= Hyperbolic quaternion =

Mutation of quaternions where unit vectors square to +1

Hyperbolic quaternion multiplication
| × | 1 | i | j | k |
|---|---|---|---|---|
| 1 | 1 | i | j | k |
| i | i | +1 | k | −j |
| j | j | −k | +1 | i |
| k | k | j | −i | +1 |

In abstract algebra, the algebra of hyperbolic quaternions is a nonassociative algebra over the real numbers with elements of the form
$q = a + bi + cj + dk, \quad a,b,c,d \in \mathbb{R} \!$
where the squares of i, j, and k are +1 and distinct elements of {i, j, k} multiply with the anti-commutative property.

The four-dimensional algebra of hyperbolic quaternions incorporates some of the features of the older and larger algebra of biquaternions. They both contain subalgebras isomorphic to the split-complex number plane. Furthermore, just as the quaternion algebra H can be viewed as a union of complex planes, so the hyperbolic quaternion algebra is a pencil of planes of split-complex numbers sharing the same real line.

It was Alexander Macfarlane who promoted this concept in the 1890s as his Algebra of Physics, first through the American Association for the Advancement of Science in 1891, then through his 1894 book of five Papers in Space Analysis, and in a series of lectures at Lehigh University in 1900.

==Algebraic structure==
Like the quaternions, the set of hyperbolic quaternions form a vector space over the real numbers of dimension 4. A linear combination

$q = a+bi+cj+dk$

is a hyperbolic quaternion when $a, b, c,$ and $d$ are real numbers and the basis set $\{1,i,j,k\}$ has these products:

$ij=k=-ji$
$jk=i=-kj$
$ki=j=-ik$
$i^2=j^2=k^2=+1$

Using the distributive property, these relations can be used to multiply any two hyperbolic quaternions.

Unlike the ordinary quaternions, the hyperbolic quaternions are not associative. For example, $(ij)j = kj = -i$, while $i(jj) = i$. In fact, this example shows that the hyperbolic quaternions are not even an alternative algebra.

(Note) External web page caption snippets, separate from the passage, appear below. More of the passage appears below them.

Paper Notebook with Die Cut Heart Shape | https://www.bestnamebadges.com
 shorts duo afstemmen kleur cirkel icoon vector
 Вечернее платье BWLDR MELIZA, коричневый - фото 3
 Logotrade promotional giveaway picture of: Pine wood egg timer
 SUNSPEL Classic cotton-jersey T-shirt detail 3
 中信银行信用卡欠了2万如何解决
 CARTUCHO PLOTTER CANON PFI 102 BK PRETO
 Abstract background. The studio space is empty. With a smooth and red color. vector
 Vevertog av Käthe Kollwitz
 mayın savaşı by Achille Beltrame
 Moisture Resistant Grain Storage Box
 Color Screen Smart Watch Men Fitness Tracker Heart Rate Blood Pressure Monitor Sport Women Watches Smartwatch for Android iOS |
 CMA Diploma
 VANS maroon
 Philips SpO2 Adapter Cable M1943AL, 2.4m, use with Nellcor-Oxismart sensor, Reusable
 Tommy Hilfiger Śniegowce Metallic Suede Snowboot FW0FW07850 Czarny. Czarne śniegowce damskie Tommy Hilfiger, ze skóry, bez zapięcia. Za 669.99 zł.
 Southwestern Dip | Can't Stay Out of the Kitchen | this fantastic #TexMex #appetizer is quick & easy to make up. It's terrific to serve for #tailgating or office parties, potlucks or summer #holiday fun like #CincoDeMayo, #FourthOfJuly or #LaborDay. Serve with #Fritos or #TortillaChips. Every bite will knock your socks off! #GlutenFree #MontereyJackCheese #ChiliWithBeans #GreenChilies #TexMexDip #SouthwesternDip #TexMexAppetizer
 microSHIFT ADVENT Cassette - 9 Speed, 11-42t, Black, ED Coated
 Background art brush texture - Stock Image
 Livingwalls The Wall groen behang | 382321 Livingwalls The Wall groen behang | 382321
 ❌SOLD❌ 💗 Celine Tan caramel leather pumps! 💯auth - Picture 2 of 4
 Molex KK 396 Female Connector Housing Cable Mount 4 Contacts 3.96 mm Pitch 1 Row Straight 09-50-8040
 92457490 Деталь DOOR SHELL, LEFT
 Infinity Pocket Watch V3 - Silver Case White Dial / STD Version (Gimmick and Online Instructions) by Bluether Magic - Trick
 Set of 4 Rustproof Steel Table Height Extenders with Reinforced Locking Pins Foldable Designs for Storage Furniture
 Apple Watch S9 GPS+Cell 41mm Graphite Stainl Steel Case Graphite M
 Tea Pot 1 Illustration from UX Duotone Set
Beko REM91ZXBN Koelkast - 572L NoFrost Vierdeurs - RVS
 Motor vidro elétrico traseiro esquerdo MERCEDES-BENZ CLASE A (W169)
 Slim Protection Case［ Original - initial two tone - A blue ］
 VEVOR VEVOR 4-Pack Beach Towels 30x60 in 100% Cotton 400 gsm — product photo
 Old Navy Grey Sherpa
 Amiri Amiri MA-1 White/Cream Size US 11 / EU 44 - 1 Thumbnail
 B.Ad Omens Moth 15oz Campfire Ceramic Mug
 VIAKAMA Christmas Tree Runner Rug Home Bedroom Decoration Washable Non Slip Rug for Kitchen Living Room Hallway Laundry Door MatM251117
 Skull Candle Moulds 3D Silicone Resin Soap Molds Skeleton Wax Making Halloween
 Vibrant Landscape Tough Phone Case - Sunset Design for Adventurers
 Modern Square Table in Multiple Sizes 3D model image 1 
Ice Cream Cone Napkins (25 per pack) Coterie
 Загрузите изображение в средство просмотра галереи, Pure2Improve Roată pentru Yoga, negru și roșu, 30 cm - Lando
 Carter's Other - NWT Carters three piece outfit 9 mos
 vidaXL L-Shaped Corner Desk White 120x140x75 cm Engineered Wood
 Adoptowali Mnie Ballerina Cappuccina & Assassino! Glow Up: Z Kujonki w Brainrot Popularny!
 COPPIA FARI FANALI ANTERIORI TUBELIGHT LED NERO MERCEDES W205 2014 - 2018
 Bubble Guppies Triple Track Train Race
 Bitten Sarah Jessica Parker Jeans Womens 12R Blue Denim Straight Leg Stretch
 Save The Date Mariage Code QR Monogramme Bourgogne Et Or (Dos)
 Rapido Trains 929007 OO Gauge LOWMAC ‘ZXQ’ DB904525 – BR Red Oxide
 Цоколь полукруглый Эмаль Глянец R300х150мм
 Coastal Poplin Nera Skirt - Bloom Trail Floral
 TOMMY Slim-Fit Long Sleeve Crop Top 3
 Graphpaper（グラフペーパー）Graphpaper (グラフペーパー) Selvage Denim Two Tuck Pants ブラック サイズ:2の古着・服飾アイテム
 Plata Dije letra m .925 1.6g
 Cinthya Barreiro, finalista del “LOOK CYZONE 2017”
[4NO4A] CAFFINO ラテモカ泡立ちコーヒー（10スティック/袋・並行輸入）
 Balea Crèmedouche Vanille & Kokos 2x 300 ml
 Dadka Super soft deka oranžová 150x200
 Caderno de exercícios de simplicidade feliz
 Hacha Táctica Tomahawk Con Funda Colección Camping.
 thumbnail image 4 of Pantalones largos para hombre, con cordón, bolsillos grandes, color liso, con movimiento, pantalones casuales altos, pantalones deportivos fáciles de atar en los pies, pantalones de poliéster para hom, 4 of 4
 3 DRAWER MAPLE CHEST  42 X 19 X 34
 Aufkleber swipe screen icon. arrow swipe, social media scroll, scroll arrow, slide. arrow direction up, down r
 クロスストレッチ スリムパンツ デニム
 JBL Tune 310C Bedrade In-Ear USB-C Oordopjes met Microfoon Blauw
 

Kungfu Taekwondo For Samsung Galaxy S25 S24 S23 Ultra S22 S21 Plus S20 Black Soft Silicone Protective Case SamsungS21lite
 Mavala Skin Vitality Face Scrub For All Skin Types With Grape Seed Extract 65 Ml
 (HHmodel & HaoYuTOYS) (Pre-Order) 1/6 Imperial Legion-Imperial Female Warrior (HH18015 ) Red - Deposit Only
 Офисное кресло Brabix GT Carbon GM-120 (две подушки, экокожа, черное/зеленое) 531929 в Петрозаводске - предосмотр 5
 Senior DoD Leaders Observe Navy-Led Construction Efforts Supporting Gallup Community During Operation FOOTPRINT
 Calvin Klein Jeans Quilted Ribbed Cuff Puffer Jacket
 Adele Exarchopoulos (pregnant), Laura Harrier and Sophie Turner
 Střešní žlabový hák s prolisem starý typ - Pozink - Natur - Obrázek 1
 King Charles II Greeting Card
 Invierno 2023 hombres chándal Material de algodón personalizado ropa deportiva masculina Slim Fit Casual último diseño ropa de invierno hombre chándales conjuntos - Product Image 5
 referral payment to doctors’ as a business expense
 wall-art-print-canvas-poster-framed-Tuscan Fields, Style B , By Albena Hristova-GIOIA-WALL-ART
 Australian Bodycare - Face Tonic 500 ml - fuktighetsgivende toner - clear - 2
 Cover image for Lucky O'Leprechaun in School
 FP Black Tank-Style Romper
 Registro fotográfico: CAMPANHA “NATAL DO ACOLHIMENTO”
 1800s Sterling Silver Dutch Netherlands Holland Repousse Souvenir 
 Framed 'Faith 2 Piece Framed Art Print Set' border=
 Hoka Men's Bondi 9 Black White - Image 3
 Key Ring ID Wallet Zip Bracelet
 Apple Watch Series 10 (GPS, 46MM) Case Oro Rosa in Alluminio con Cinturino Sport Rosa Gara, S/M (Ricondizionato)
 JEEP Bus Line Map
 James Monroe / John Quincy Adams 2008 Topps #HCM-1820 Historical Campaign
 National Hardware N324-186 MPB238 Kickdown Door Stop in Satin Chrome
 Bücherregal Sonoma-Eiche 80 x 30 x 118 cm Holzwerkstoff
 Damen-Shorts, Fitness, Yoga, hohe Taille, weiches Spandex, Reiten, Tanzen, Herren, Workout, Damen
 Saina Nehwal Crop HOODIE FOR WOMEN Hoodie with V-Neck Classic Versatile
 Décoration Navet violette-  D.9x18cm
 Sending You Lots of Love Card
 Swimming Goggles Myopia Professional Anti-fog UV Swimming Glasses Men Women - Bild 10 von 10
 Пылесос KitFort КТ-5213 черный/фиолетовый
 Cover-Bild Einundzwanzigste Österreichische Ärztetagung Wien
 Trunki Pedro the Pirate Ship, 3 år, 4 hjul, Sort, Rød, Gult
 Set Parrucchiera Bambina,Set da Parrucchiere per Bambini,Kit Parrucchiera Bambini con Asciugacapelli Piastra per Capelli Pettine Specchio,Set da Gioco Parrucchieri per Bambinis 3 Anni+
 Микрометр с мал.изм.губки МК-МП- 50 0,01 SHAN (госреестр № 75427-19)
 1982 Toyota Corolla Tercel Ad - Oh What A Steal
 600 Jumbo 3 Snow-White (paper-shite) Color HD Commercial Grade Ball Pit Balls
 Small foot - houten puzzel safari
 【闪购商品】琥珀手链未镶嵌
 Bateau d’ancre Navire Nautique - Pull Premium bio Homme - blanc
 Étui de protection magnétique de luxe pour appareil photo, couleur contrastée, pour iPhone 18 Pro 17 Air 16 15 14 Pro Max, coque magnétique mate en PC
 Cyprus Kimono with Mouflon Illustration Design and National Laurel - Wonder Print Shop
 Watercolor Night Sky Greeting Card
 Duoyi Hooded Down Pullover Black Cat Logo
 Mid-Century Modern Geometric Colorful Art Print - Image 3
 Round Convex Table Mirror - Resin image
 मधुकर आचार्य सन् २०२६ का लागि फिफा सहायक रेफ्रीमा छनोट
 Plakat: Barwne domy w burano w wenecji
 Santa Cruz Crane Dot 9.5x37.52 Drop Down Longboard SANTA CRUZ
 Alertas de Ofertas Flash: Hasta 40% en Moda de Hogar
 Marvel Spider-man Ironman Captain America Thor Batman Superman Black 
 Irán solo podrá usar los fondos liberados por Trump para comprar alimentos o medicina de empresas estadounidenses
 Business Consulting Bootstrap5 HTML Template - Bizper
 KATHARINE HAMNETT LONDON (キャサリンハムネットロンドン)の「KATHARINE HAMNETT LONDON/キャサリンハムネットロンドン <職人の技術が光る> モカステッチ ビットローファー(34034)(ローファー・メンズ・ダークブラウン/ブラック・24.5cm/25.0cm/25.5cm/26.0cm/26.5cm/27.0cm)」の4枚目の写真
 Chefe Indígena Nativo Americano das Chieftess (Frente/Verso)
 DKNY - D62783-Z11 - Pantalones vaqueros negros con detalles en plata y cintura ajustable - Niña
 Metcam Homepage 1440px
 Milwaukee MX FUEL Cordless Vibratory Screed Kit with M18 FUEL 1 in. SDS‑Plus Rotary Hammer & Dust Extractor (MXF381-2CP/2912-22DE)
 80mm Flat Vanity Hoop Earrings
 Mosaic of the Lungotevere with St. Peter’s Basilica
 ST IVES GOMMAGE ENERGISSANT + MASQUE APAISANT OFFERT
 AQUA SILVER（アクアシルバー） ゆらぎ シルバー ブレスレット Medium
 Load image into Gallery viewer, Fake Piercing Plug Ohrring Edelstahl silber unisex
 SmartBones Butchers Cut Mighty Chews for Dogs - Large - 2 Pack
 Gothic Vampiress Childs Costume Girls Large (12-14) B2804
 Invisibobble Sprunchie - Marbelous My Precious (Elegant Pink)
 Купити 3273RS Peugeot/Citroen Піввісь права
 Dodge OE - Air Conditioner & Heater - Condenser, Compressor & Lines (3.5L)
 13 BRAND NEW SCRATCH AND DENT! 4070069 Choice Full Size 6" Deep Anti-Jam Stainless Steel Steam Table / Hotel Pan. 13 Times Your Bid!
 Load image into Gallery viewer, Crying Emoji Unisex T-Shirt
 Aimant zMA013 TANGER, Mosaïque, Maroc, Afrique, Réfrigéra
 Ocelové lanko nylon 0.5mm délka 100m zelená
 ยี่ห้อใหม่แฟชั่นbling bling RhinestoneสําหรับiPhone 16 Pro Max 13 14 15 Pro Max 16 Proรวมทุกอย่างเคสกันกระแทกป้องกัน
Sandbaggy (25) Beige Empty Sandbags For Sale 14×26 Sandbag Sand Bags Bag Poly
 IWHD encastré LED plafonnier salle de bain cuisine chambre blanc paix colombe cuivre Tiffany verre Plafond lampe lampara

The first three relations show that products of the (non-real) basis elements are anti-commutative. Although this basis set does not form a group, the set

$\{1,i,j,k,-1,-i,-j,-k\}$

forms a loop, that is, a quasigroup with an identity element. One also notes that any subplane of the set M of hyperbolic quaternions that contains the real axis forms a plane of split-complex numbers. If

$q^*=a-bi-cj-dk$

is the conjugate of $q$, then the product

$q(q^*)=a^2-b^2-c^2-d^2$

is the quadratic form used in spacetime theory. In fact, for events p and q, the bilinear form
 $\eta (p,q) = -p_0q_0 + p_1q_1 + p_2q_2 + p_3q_3$
arises as the negative of the real part of the hyperbolic quaternion product pq*, and is used in Minkowski space.

Note that the set of units U = {q : qq* ≠ 0 } is not closed under multiplication. See the references (external link) for details.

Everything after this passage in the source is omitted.